** Input data follows **

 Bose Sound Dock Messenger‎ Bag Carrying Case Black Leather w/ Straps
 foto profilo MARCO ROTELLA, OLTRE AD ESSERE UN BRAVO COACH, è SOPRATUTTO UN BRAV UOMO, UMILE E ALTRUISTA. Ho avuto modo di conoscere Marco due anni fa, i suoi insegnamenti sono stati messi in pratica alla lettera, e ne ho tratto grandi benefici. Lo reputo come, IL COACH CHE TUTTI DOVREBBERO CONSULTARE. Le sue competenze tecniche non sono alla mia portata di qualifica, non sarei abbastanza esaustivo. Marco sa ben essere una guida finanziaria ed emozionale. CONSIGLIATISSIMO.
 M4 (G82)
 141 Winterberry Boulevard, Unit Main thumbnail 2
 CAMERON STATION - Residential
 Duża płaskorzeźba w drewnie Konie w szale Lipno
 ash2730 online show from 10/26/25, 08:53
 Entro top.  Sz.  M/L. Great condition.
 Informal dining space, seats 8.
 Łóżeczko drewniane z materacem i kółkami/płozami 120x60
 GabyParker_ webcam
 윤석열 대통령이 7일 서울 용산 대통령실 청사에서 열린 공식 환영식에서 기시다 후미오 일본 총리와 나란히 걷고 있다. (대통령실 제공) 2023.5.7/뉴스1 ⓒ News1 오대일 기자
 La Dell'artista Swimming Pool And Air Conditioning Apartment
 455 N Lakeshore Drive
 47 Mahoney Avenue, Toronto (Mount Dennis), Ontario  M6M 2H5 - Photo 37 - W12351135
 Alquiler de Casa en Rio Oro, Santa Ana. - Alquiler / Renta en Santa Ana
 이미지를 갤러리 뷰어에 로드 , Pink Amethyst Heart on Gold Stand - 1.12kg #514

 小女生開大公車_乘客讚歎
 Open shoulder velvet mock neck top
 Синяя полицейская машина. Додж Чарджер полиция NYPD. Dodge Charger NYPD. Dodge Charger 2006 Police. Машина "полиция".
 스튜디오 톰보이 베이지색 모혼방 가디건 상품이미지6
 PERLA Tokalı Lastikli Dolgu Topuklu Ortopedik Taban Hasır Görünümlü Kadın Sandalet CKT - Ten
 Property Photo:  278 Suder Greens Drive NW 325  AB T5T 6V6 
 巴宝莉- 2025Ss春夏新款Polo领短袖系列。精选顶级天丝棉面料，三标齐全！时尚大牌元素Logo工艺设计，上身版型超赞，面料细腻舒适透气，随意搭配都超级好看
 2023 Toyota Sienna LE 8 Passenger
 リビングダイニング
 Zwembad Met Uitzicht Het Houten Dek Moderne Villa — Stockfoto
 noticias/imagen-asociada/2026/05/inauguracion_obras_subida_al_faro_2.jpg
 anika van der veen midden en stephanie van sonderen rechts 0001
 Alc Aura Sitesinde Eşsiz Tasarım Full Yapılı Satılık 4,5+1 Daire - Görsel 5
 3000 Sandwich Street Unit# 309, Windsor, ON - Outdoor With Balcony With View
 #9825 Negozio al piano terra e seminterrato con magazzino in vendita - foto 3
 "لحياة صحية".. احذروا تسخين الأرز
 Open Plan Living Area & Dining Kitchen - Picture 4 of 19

** End of Input data **

Exactly reproduce the lines of the entries above, from the one containing "278 Suder Greens" to the very last, and no others.

=== Your response ===
 Property Photo:  278 Suder Greens Drive NW 325  AB T5T 6V6 
 巴宝莉- 2025Ss春夏新款Polo领短袖系列。精选顶级天丝棉面料，三标齐全！时尚大牌元素Logo工艺设计，上身版型超赞，面料细腻舒适透气，随意搭配都超级好看
 2023 Toyota Sienna LE 8 Passenger
 リビングダイニング
 Zwembad Met Uitzicht Het Houten Dek Moderne Villa — Stockfoto
 noticias/imagen-asociada/2026/05/inauguracion_obras_subida_al_faro_2.jpg
 anika van der veen midden en stephanie van sonderen rechts 0001
 Alc Aura Sitesinde Eşsiz Tasarım Full Yapılı Satılık 4,5+1 Daire - Görsel 5
 3000 Sandwich Street Unit# 309, Windsor, ON - Outdoor With Balcony With View
 #9825 Negozio al piano terra e seminterrato con magazzino in vendita - foto 3
 "لحياة صحية".. احذروا تسخين الأرز
 Open Plan Living Area & Dining Kitchen - Picture 4 of 19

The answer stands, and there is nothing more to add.